VMs on vSAN datastore are experiencing performance issue and ESXi showed Memory/SSD/Component Congestion.
# vobd.log
YYYY-MM-DDThh:mm:ss.###Z cpu21:2099098)LSOM: LSOMThrowAsyncCongestionVOB:442: LSOM MemCong in ########-####-####-####-############ Congestion State: Exceeded. Congestion Threshold: 200 Current Congestion: 255.
YYYY-MM-DDThh:mm:ss.###Z cpu21:2099098)LSOM: LSOMThrowAsyncCongestionVOB:442: LSOM SSDCong in ########-####-####-####-############ Congestion State: Exceeded.
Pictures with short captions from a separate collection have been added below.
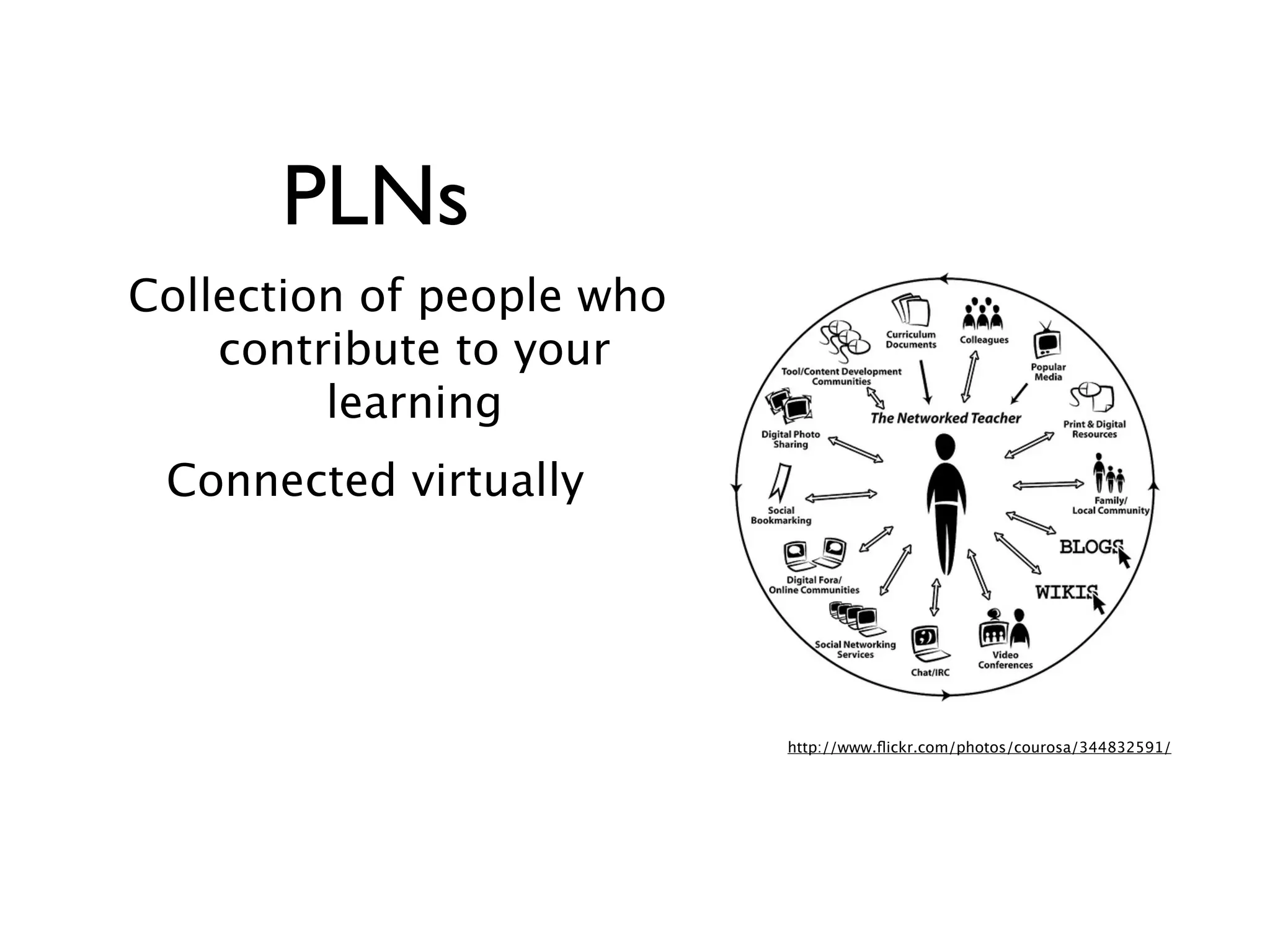 PLNs
Collection of people who
    contribute to your
         learning
 Connected virtually




                           http://www.ﬂickr.com/photos/courosa/344832591/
Congestion Threshold: 200 Current Congestion: 255.
# vsish -e cat /vmkModules/lsom/disks/###/info
:::
memCongestion:243 ###<- !!!
slabCongestion:0
ssdCongestion:0
iopsCongestion:0
logCongestion:0
compCongestion:9 ###<- !!!
mdCongestion:0
:::
We could also see the high number of elements in commit tables.
# vsish -e ls /vmkModules/lsom/disks/ 2>/dev/null | while read d ; do echo -n ${d/\//} ; vsish -e get /vmkModules/lsom/disks/${d}WBQStats | grep "Number of elements in commit tables" ; done | grep -v ":0$"
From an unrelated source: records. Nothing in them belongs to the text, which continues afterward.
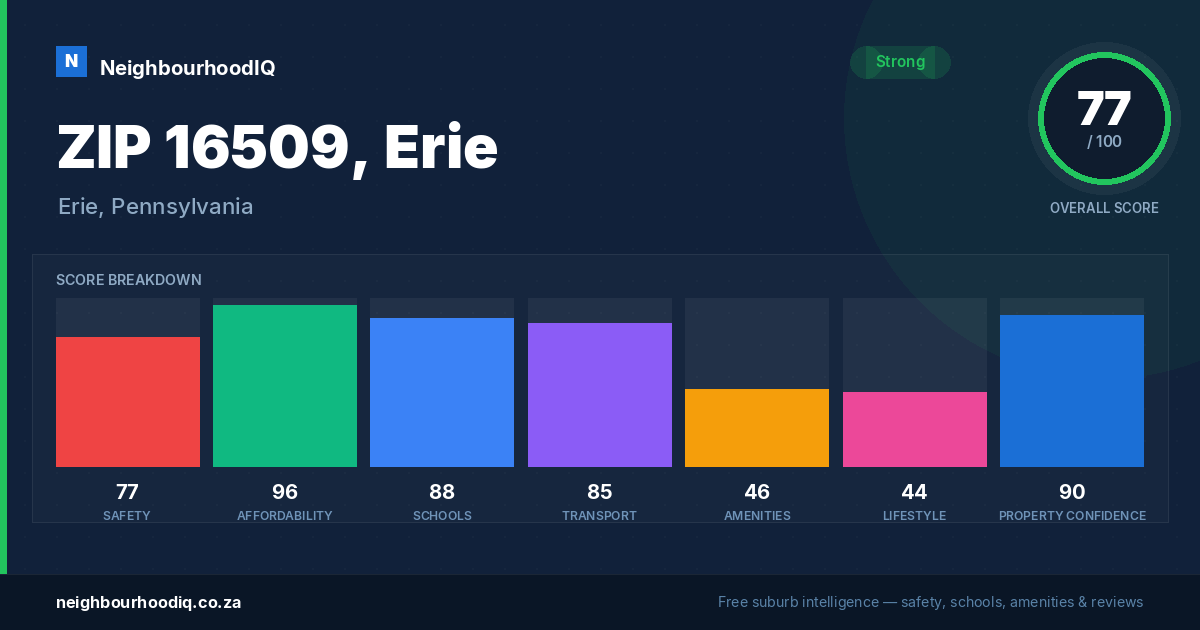 ZIP 16509, Erie report card
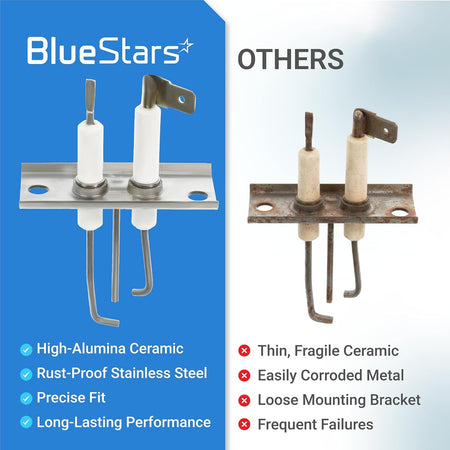 Comparison of BlueStars RV furnace igniter electrode versus a generic corroded replacement part.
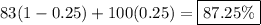 83(1-0.25)+100(0.25)=\fbox{$87.25\%$}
########-####-####-####-############ Number of elements in commit tables:2161126 (>100k)
VMware vSAN 7.X
This issue is resolved in:
Workaround:
The impacted Disk-Groups commit-table entries (and thus also the Memory congestion) can be cleared by unmounting and mounting the impacted Disk-Group.
If unmount and mount of the Disk-Groups via the vSphere UI or via CLI is not possible then rebooting the node with congested Disk-Group(s) will also automatically unmount and mount the Disk-Groups as part of node restart process, Maintenance Mode with Ensure Accessibility option may not be possible depending on the severity of the issue.